Will Smith’s character tries to help people out of feelings of self-hatred and out of an understanding that the mistake he made, when he felt he was responsible for the death of seven people is unforgivable. There is no hope of forgiveness, redemption or new life for him, so he might as well do something nice for suffering people before he kills himself to take himself out of his misery.

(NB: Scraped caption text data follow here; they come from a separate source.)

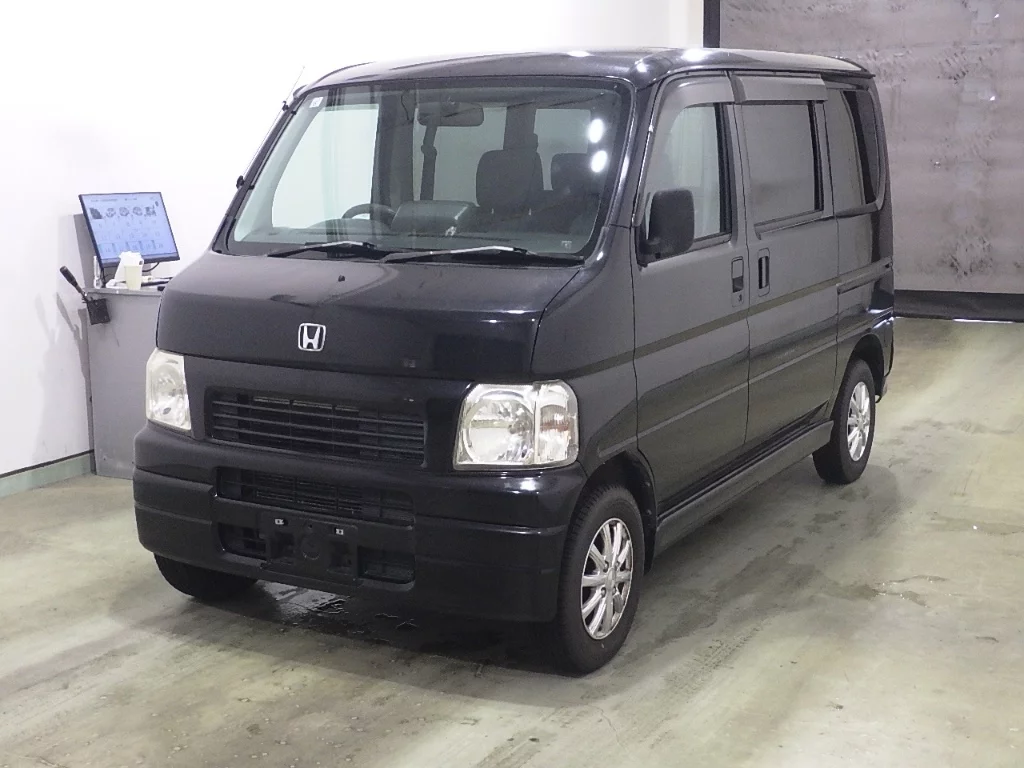 Honda Vamos  с аукциона в Японии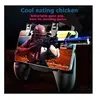 Image de Ipega pg 9117 gamepad trigger button fire key pour fps pubg mobile game - noir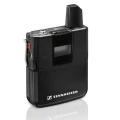 Sennheiser AVX-MKE2 SET - Bezprzewodowy system do kamer z nadajnikiem miniaturowym i profesjonalnym mic MKE2 w pełni automatyczny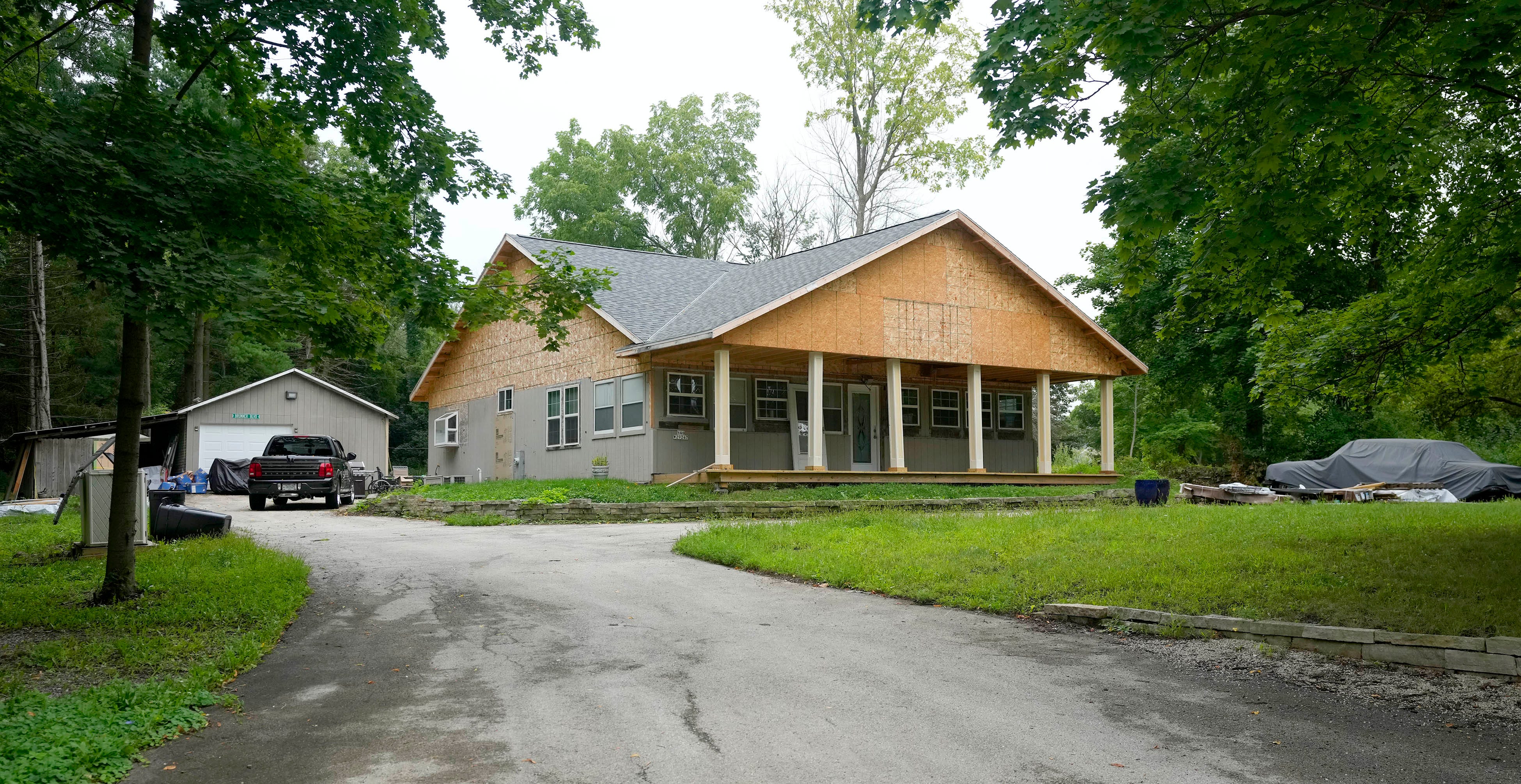 Todd Brunner's home in Delafield.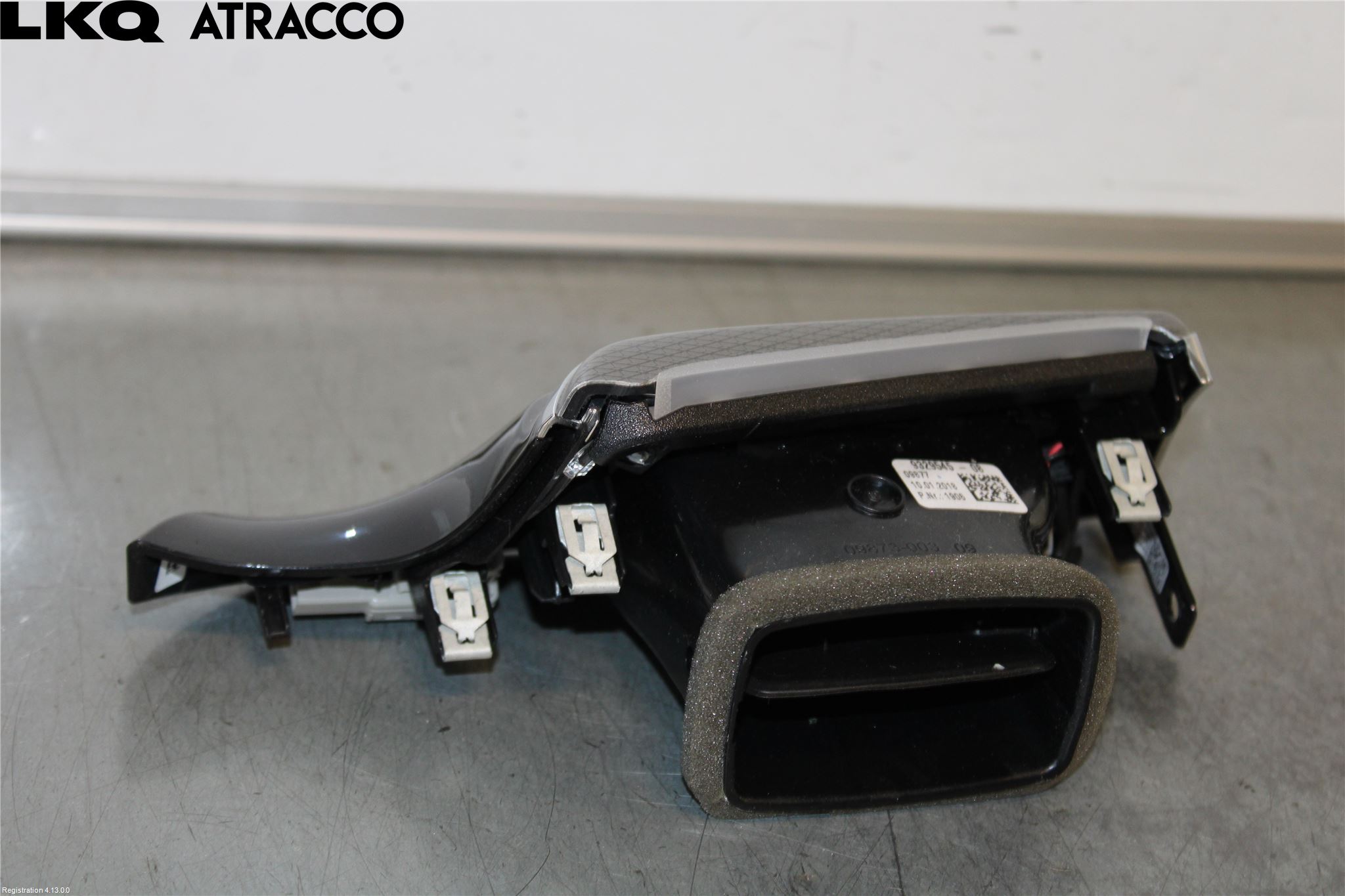 BMW 5 G30/G31/F90 17-23 Bryter Luft Sirkulasjon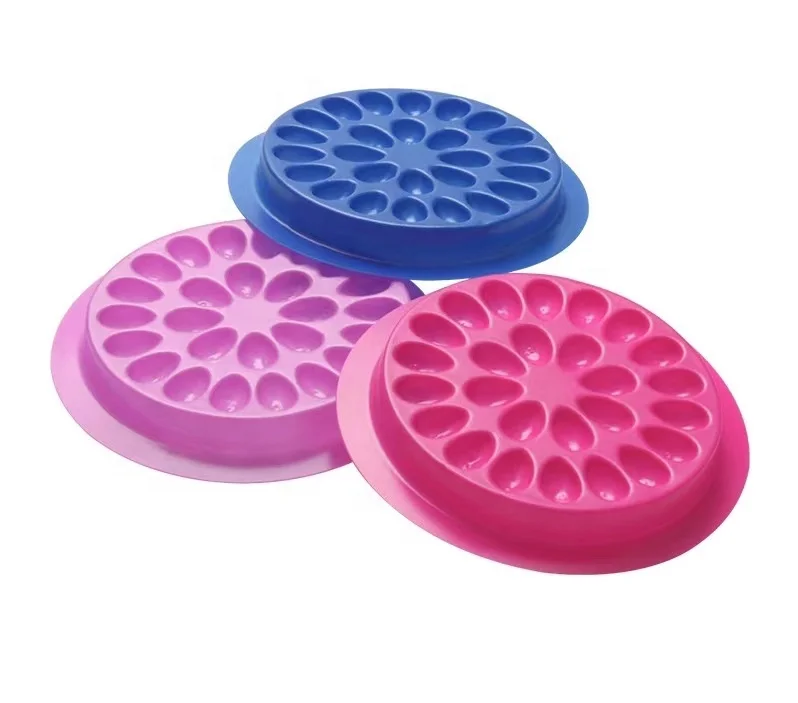 YDM 20 pcs Disposable Plastic Flower Holder Sticker Glue Adhesive Pallet For Eyelash Extension Eyelash Makeup Tools, Customized color
YDM 20 pcs Disposable Plastic Flower Holder Sticker Glue Adhesive Pallet For Eyelash Extension Eyelash Makeup Tools, Customized color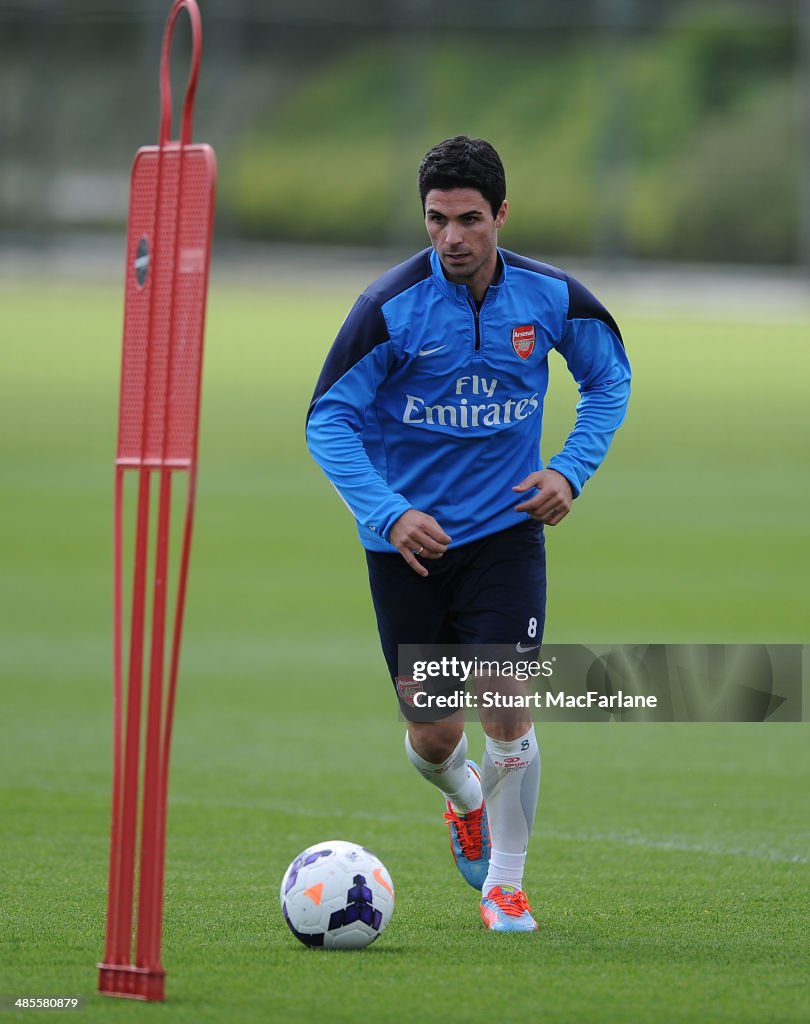 Arsenal FC Training Session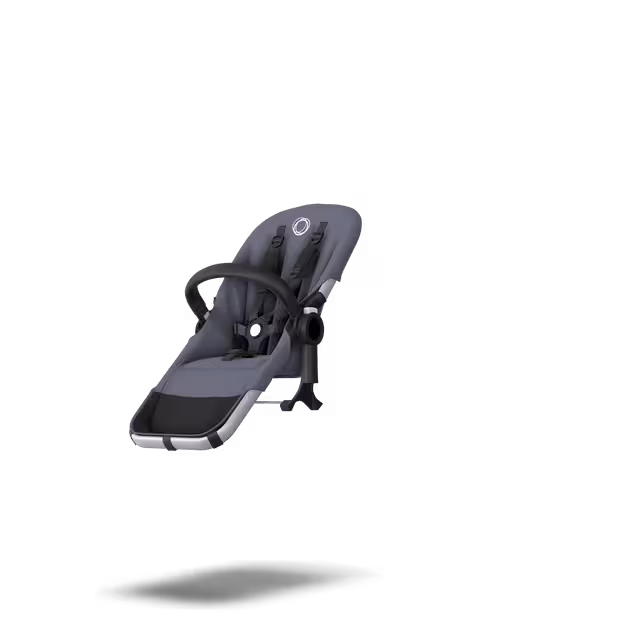 Bugaboo Donkey2 seat fabric STEEL BLUE - Main Image Slide 5 of 6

That’s a life and a world view where the God of forgiveness, redemption, restoration and second chances is taken out of play. How sad that people see this movie and think to themselves that this is all there is to life….if you have screwed up big time, then you’ll for sure be haunted by that the rest of your life, and either you can try to forget about it, sedate the pain in you and close down your heart, or you can try to escape through sacrificing yourself for other people and then killing yourself in the end as if killing yourself would be justified by the good you did do for suffering people. 

I am grateful that I know the God of forgiveness and redemption. I am glad that no sin is too great to be forgiven by God. No matter what you’ve done, no matter how you may feel about yourself and how much you feel you deserve punishment, God is running towards you when you turn to him and ask him for forgiveness. You don’t have to take your own life or live in a prison of self-hatred when you’ve messed up. Cry out to God. He will forgive you, cleanse you, remind you that errare humanum est (it’s normal for human beings to make mistakes) and help you to be able to live with yourself and still be able to enjoy the life he has given to you.

As a sharp contrast to the hopeless message of Seven Pounds, I encourage you to get a hold of David Cunningham’s masterpiece To End All Wars starring Kiefer Sutherland (Jack Bauer!). It’s an incredible, yet true story from a Japanese World War II camp of hope, love, redemption and real, genuine, love-motivated self-sacrifice.